We need to take a step back to understand blockchain oracles and why they are created. Oracles are problem solvers for many smart contracts launched on blockchains.
But what is a smart contract, and what problem do oracles need to solve? We will start by answering these two questions and then explain how they solve problems for the DeFi space.
Blockchain oracles are complicated computerised systems that connect data from the outside world (referred to as ‘off-chain’) with a blockchain (or ‘on-chain’).
The majority of blockchains have their own native cryptocurrency that is used to transfer value, enable the protocol’s operations, or to facilitate governance. Some blockchains (the most well-known being Ethereum) can also be used to build smart contracts. These are blockchain based self-executing contracts with the terms of the agreement between two or more parties, usually a buyer and seller, being directly written into lines of code.
Smart contracts will execute predetermined actions automatically when defined conditions are met, and by being built on the blockchain, they are traceable, irreversible, and unchangeable (immutable). These smart contracts are executed ‘trustless’, not requiring a third party, and if written correctly, can be designed to carry out nearly any contract imaginable.
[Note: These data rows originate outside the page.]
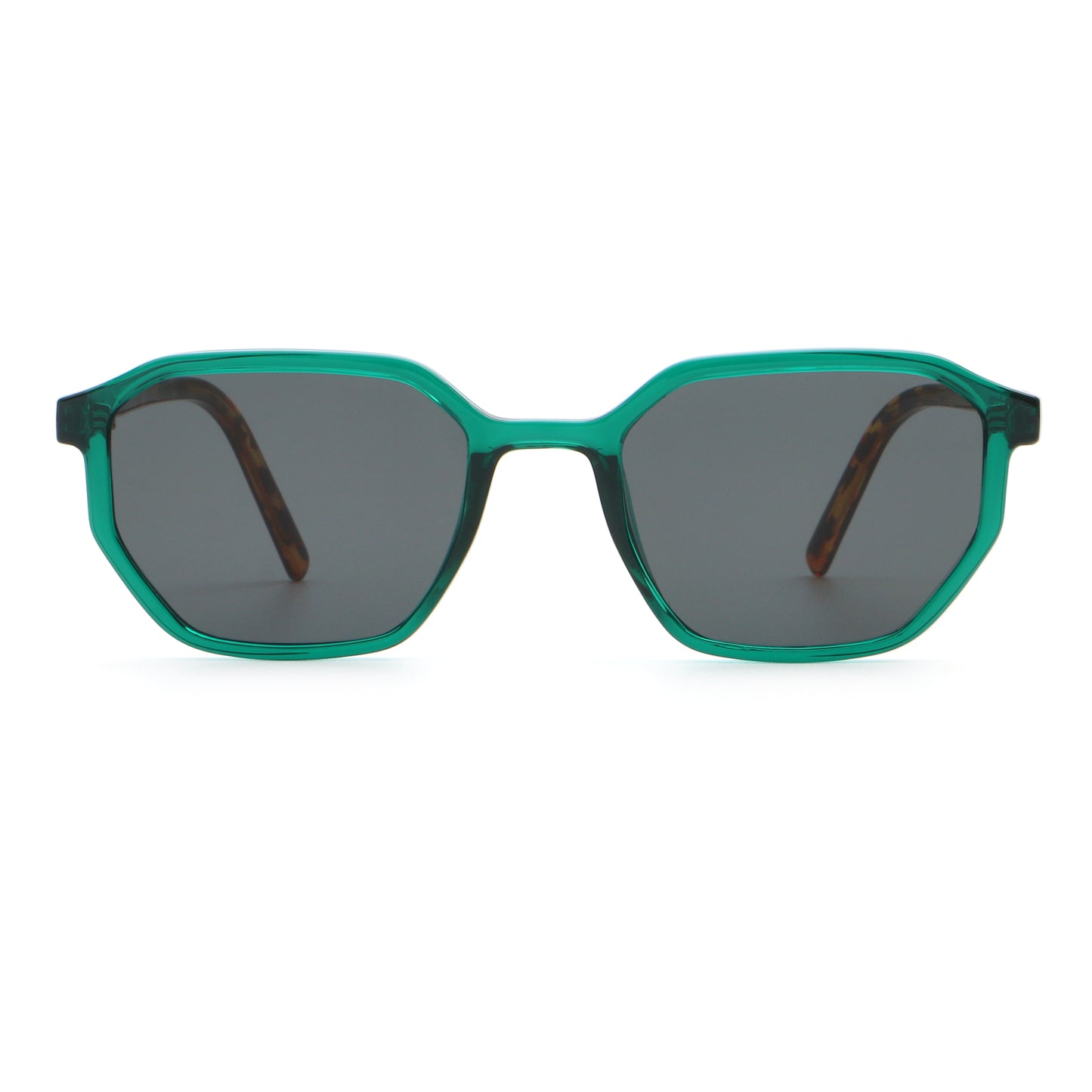 SUNGLASS Polarized 66516-c6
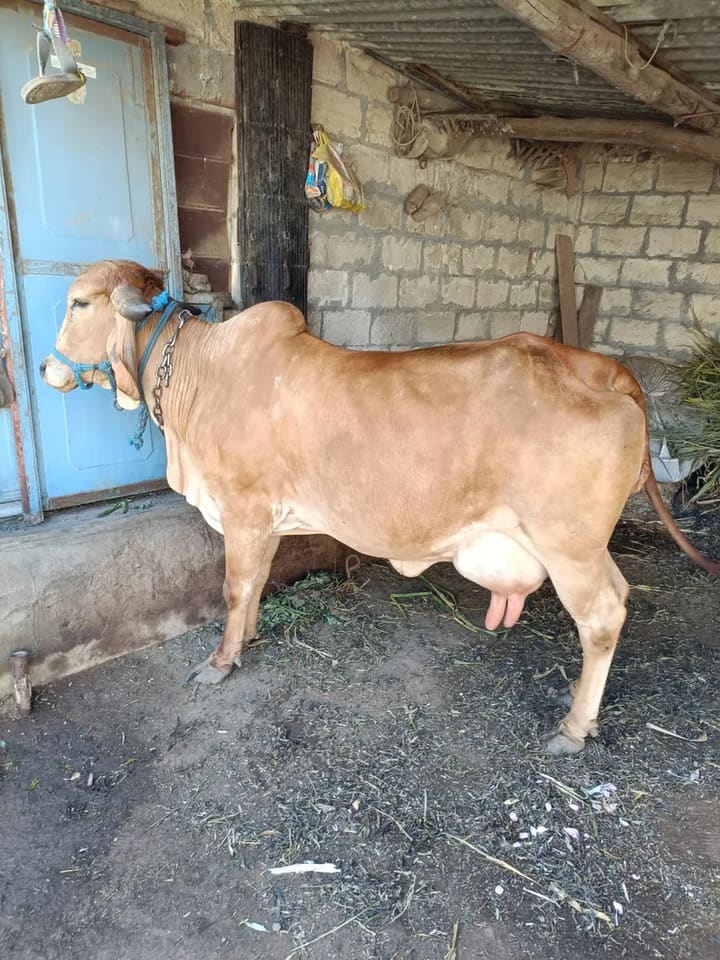 Gir Cow G2186 in  GUJARAT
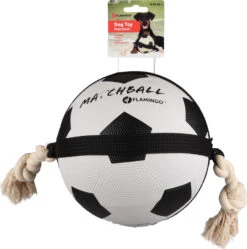Flamingo Jouet Chien Matchball Balle De Foot 22cm -Flamingo || ROYAL CANIN || Trixie Soldes Boutique ec9ca983dbbfc898b3546e79c4e85e8d0217d381f6afc4d75349aca743d6611d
If a buyer wishes to purchase a home with cryptocurrency, a simple, smart contract could be written for the transaction. It would say something like the following, ‘If the Buyer sends the required funds to the Seller, then the deed of the home at X location is transferred from the Seller to the Buyer’.
When the conditions of the smart contract are met, it is irreversibly executed in accordance with its programming. There is no need for traditional third parties to initiate, manage, or execute such a contract.
There is, however, a problem with this system. Blockchains need a way for smart contracts to be able to use external off-chain data so that the smart contracts can have applications in the real world.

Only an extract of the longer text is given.